The Microscopic Septet
Beauty Based on Science!
(Stash LP, 1988)

Buy

The third 1988 nugget, Beauty Based on Science! was the fourth album by New York Downtown jazz-pranksters the Microscopic Septet (founding alto saxophonist, John Zorn), a kind of post-punk version of the Art Ensemble of Chicago. Part experimental, part archival, part political and part comical, Beauty Based on Science!, the last album the band released during their first incarnation, is a good-humoured whiff of grapeshot directed at the jazz police of the era.


miles davis

Miles Davis Quintet
Live in Holland
(Stash LP, 1990)

Buy

This 1960 concert recording of the Miles Davis Quintet makes a strong near-swansong for Stash.
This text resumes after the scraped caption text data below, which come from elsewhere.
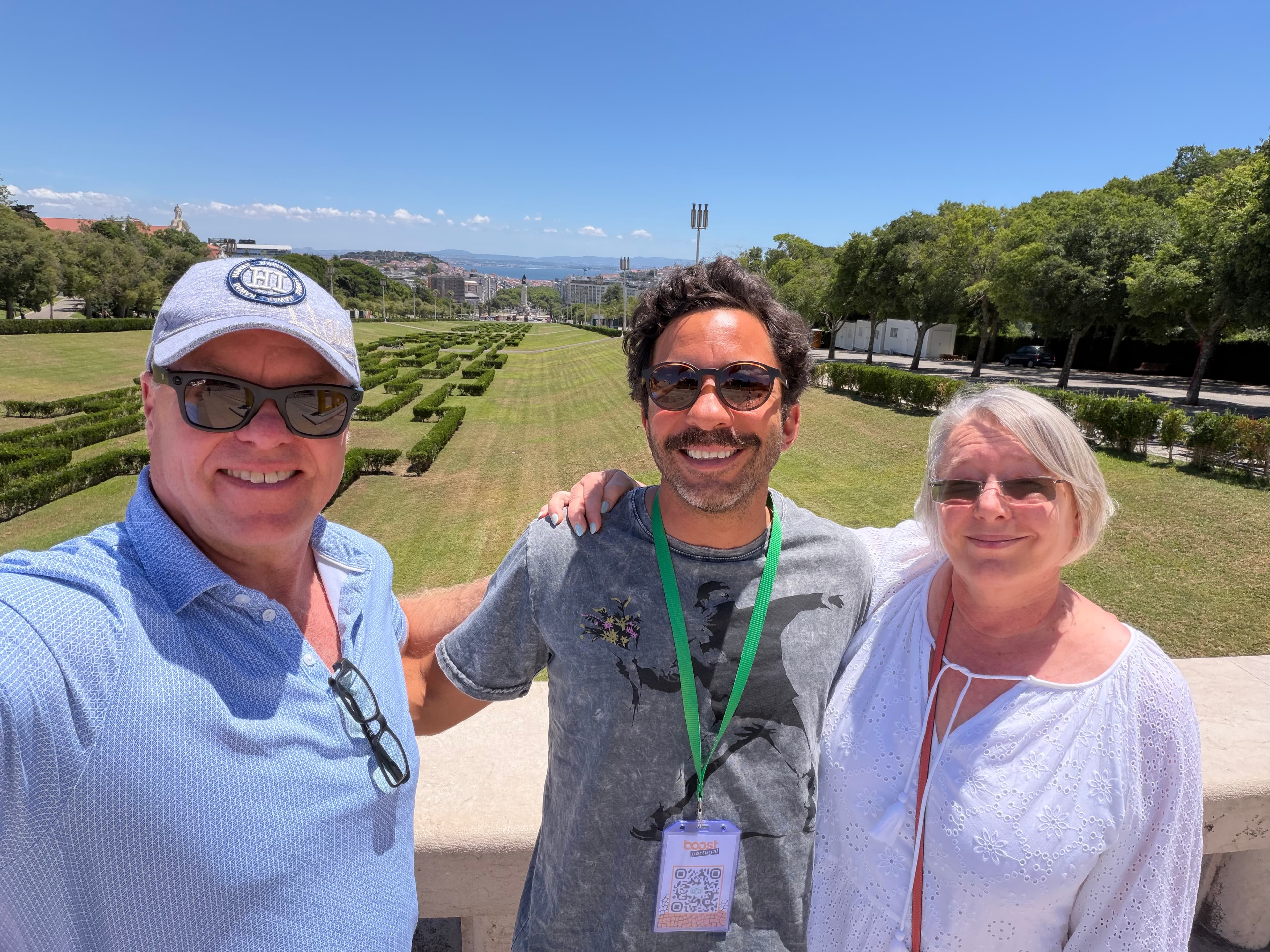 Three smiling travelers posing at a sun-drenched overlook above Parque Eduardo VII in Lisbon, with manicured hedgerows and th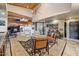 Open living area with beamed ceilings, an elegant rug and a sophisticated lighting fixture at 6432 E El Sendero Rd, Carefree, AZ 85377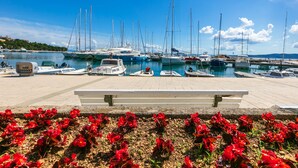 Un port de plaisance avec des bateaux amarrés, un banc blanc et des fleurs rouges au premier plan.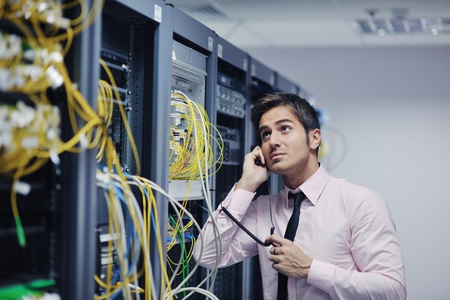 young business man computer science engeneer talking by cellphone at network datacenter server room asking  for help and fast solutions and servicesの写真素材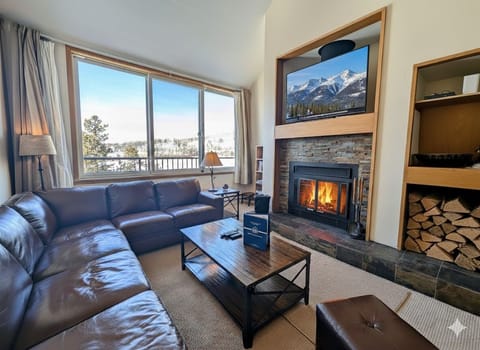 Cozy up on plush leather seating by your crackling fireplace, watching snowy mountain views through expansive windows after your alpine adventures.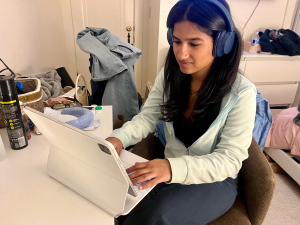 A woman works on her laptop with headphones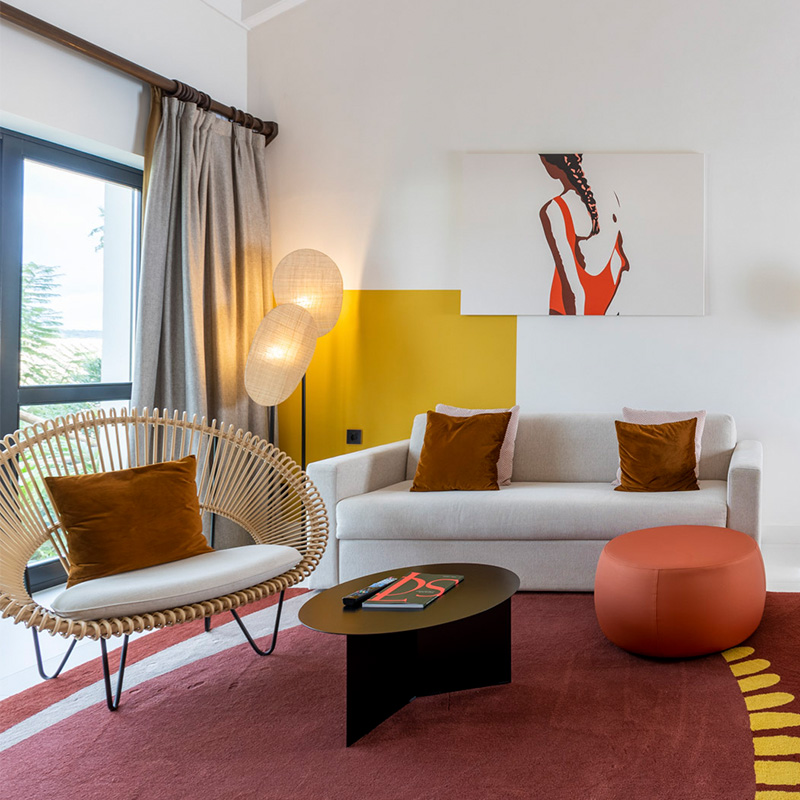 A seating area with a comfortable looking couch, wicker chair and footstools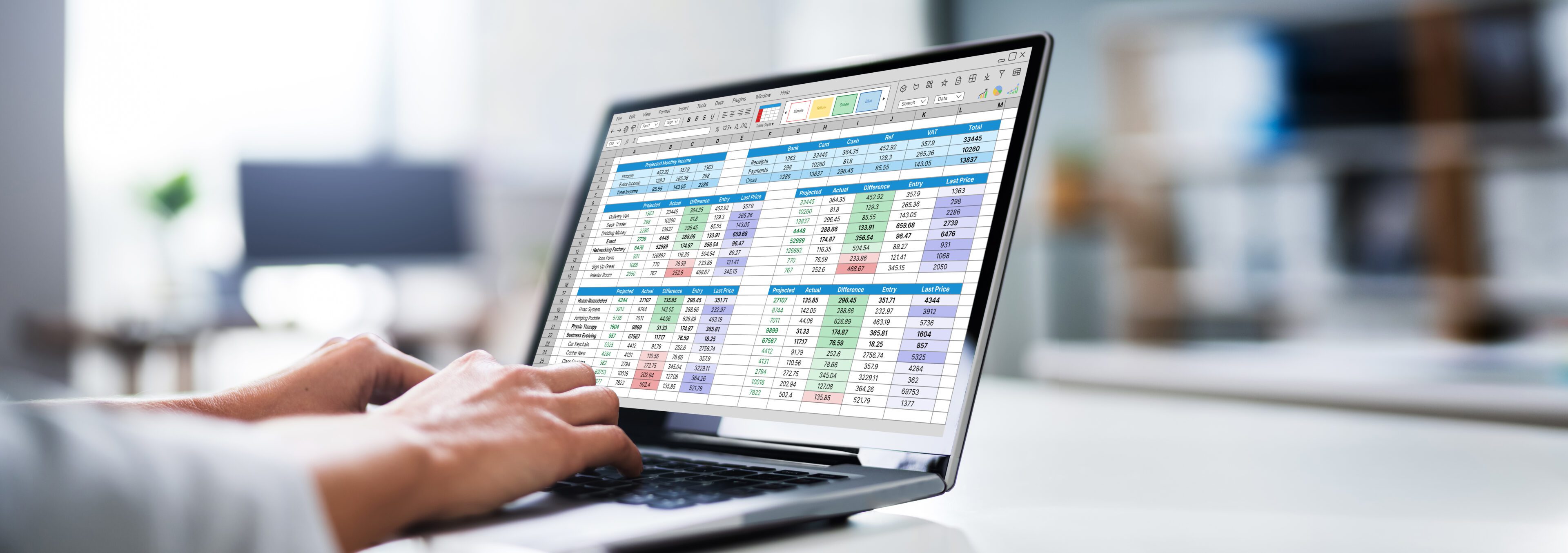 Close-up Of A Businesswoman's Hand Analyzing Graph On Laptop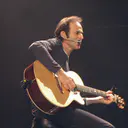 Photo de Jean-Jacques Goldman · Crédits photo Sandrine Joly · Wikimedia Commons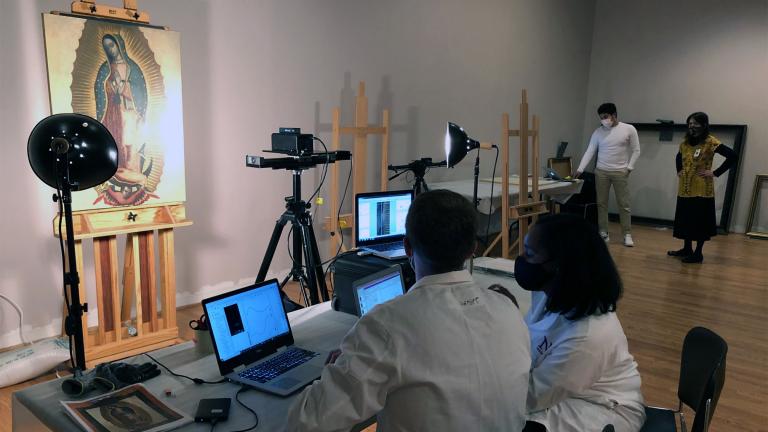 Researchers from the Center for Scientific Studies in the Arts examine works in the National Museum of Mexican Art to learn more about their history, April 23, 2021. (Marc Vitali / WTTW News)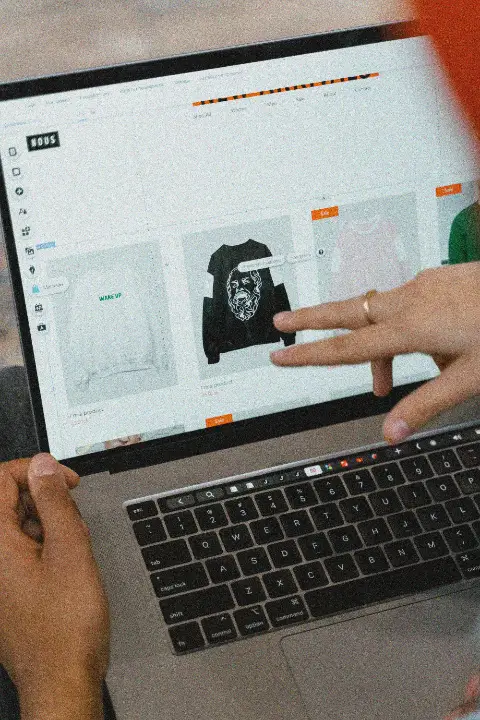 Two people at a laptop, one pointing at a product in an online shop's editor.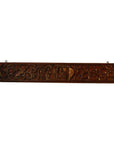 Brown carved wood plaque with swirling patterns and a rectangular center on a plain white background.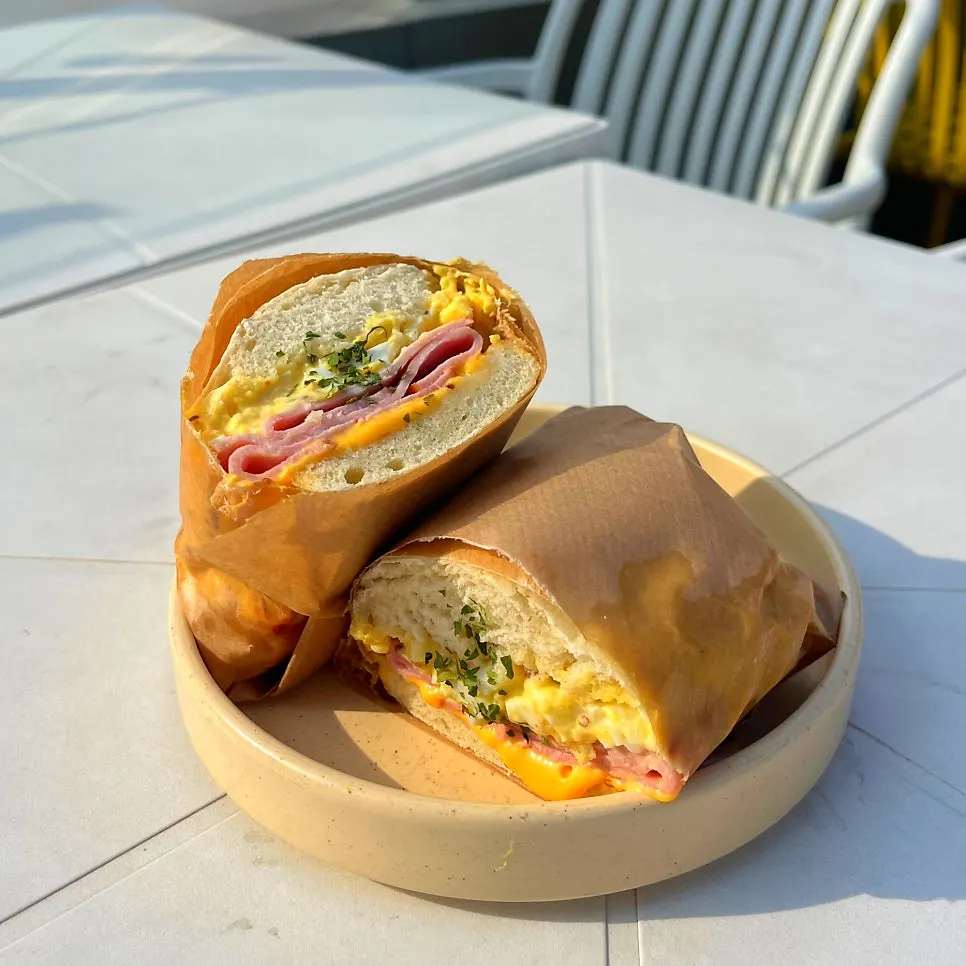 Plate with the ham egg mayo sandwich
Recorded in The Hague a few months after the release of Davis’ game-changing modal-jazz album Kind of Blue, it features the Kind of Blue lineup without alto saxophonist Cannonball Adderley and alternate pianist Bill Evans – Davis, tenor saxophonist John Coltrane, pianist Wynton Kelly, bassist Paul Chambers and drummer Jimmy Cobb. Tracks are ‘So What’ (the opener on Kind of Blue), Thelonious Monk and Cootie Williams’s ‘’Round Midnight,’ ‘On Green Dolphin Street’ (the opener on ’58 Sessions), and ‘Walkin’,’ the tune with which some observers maintain Davis launched hard-bop in 1954.